When a superlinear equation is graphed, it looks like the start of a roller coaster, climbing into the sky. The steep slope emerges from the positive feedback loop of urban life — a growing city makes everyone in that city more productive, which encourages more people to move to the city, and so on. According to West, these superlinear patterns demonstrate why cities are one of the single most important inventions in human history. They are the idea, he says, that enabled our economic potential and unleashed our ingenuity. “When we started living in cities, we did something that had never happened before in the history of life,” West says. “We broke away from the equations of biology, all of which are sublinear. Every other creature gets slower as it gets bigger. That’s why the elephant plods along. But in cities, the opposite happens. As cities get bigger, everything starts accelerating. There is no equivalent for this in nature. It would be like finding an elephant that’s proportionally faster than a mouse.

I maintain that Twitter, Facebook, and other ‘closed’ systems are really something else: they are dense and complex social systems, more like modern cities than Web 1.0 publishing platforms. And, like cities, there is more going on, less being controlled by specifications like RSS, and the food is better, the music is better, and there is more dangerous sex taking place.

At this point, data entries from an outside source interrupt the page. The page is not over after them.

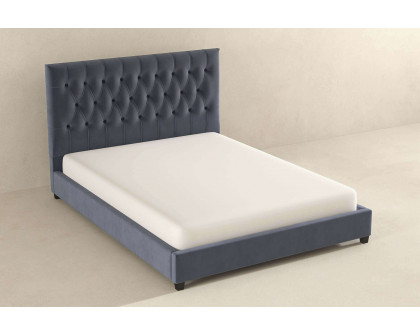 Ashcroft Donald Mid-Century Modern Velvet Platform Bed - Gray, Queen Size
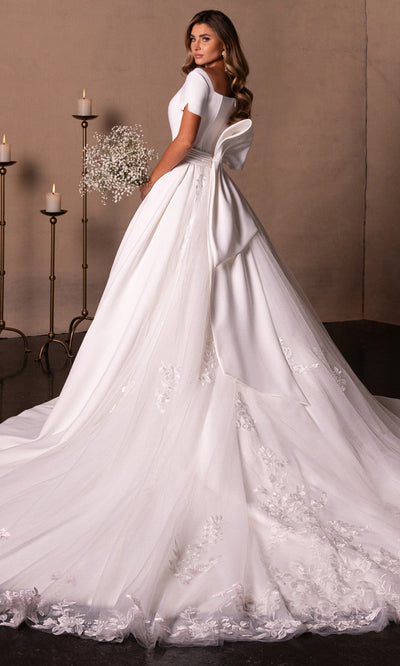 Rachel Allan RB7018 - Scoop Neck Pleated Bridal Ballgown Wedding Dresses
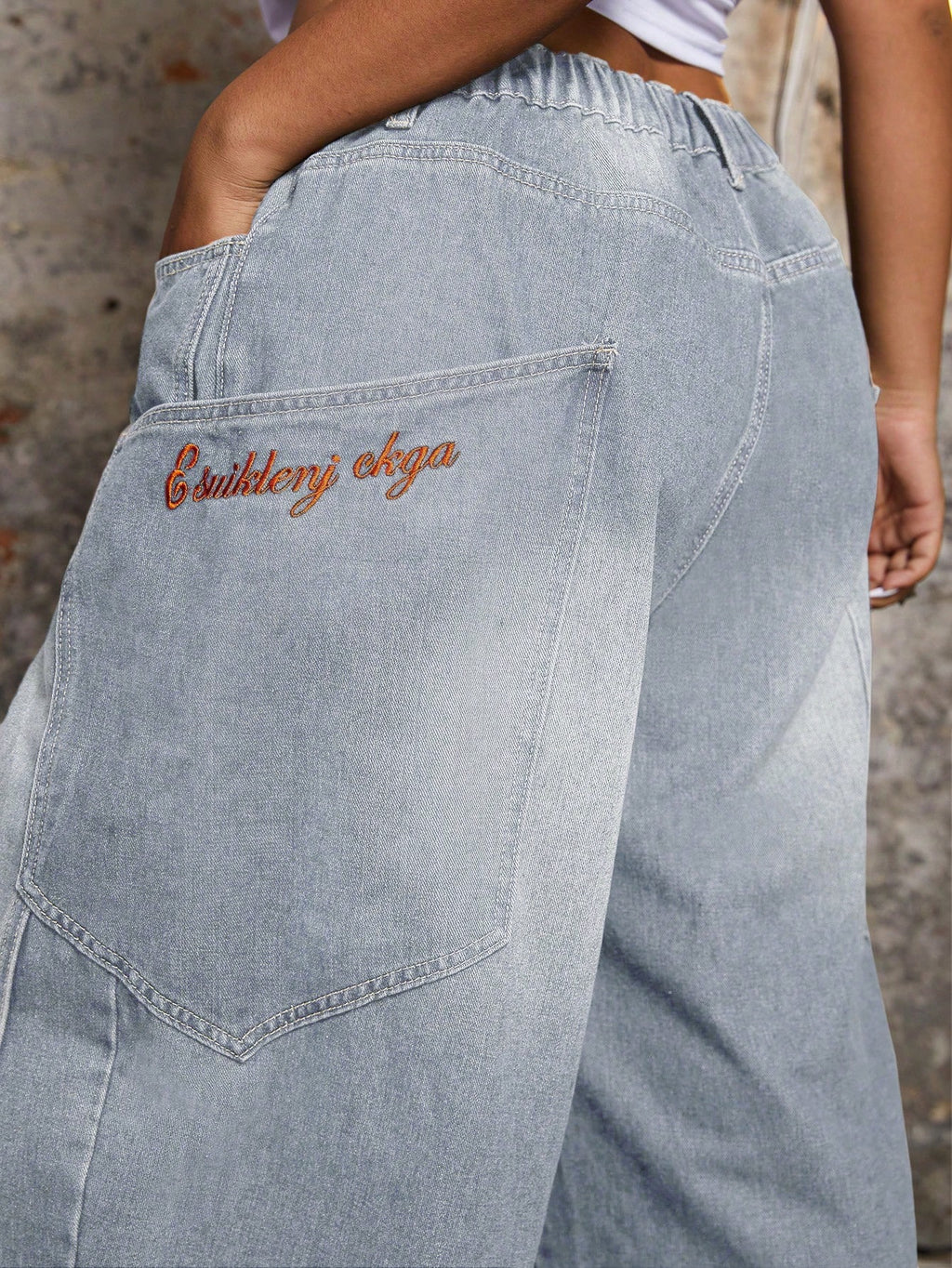Plus Size Baggy Wide Leg Jeans – Y2K 2000s Loose Fit Denim Pants for Women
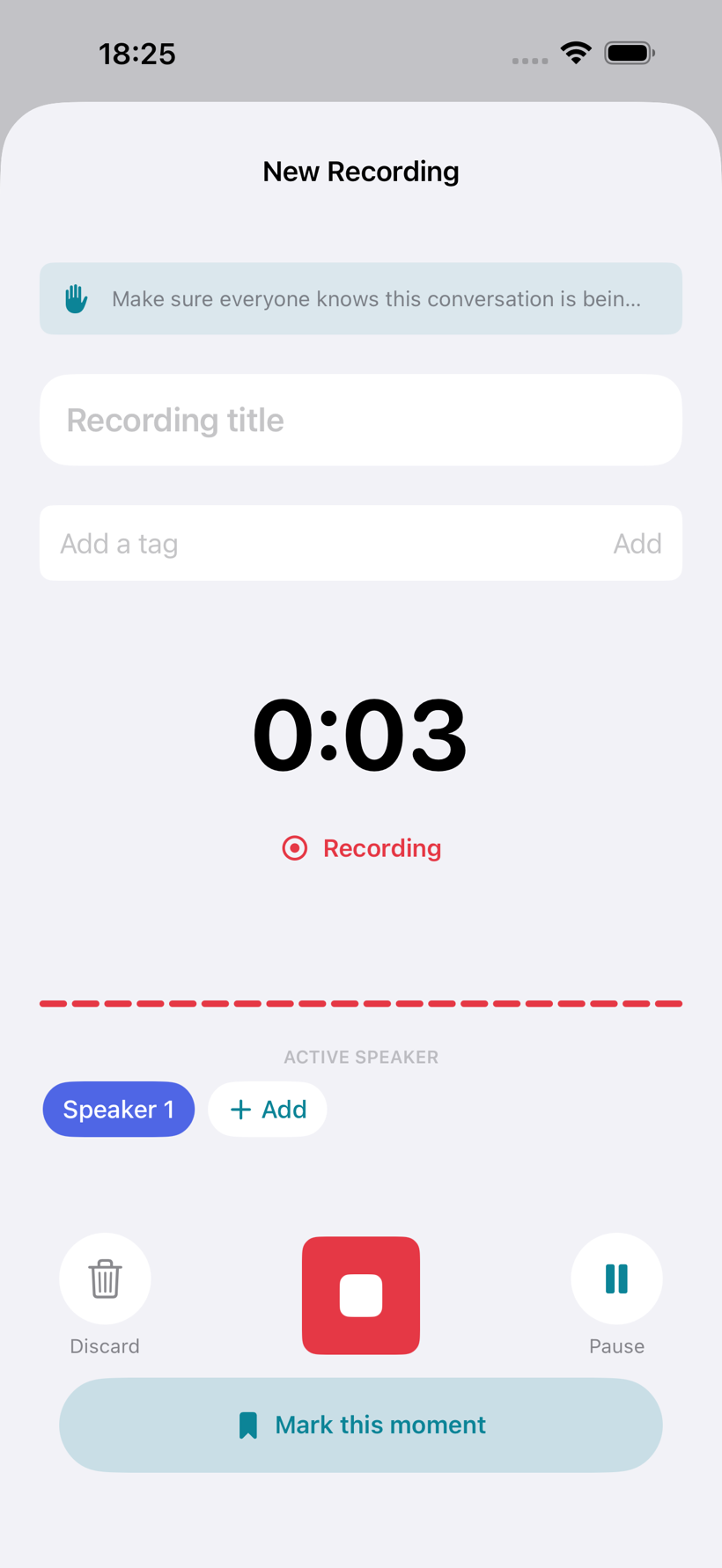 VoxVault recording screen: a live timer, a consent reminder, a waveform, and active-speaker controls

Brian Eno uses the term ‘scenius’ to define the quality of the great cities, their ability to foster deep shared understanding and purpose for large networks of people. This collective intellect arises from messiness at scale, not carefully mediated and clearly defined standards. 

Said differently, the best food comes from cities with the highest number of health code violations, and the best art is produced where the largest number of building code infractions are found.

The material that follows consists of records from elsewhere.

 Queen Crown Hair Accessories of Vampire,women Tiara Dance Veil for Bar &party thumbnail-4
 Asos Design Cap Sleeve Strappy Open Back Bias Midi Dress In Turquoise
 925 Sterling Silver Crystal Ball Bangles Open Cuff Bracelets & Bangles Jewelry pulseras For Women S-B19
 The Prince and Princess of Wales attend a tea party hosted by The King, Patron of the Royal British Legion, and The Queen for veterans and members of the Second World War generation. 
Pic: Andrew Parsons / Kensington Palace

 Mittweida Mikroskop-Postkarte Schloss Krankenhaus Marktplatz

So, if you are looking for clean bathrooms and no traffic jams, stay in Iowa. But it is in cities — dense, loud, unplanned, messy — where the breakthroughs emerge.

Getting back to the specific case, here, let’s look at Flipboard. Flipboard rejects the use of neat-and-tidy RSS, and reaches through the URLs it finds in Twitter to directly paw the text, images, and links placed into articles and posts, and then it chooses what to display based on a proprietary algorithm inside the guts of the app, not based on the publisher’s RSS specification. 

Flipboard, Twitter, and other dense, complex social tools create a messier world, one that has superlinear scale. The tradeoff between complete ‘openness’ (or individual control of information and its experience) and superlinear social density is one I am willing to make. And so are all the users of these tools, or should I say, residents of these cities?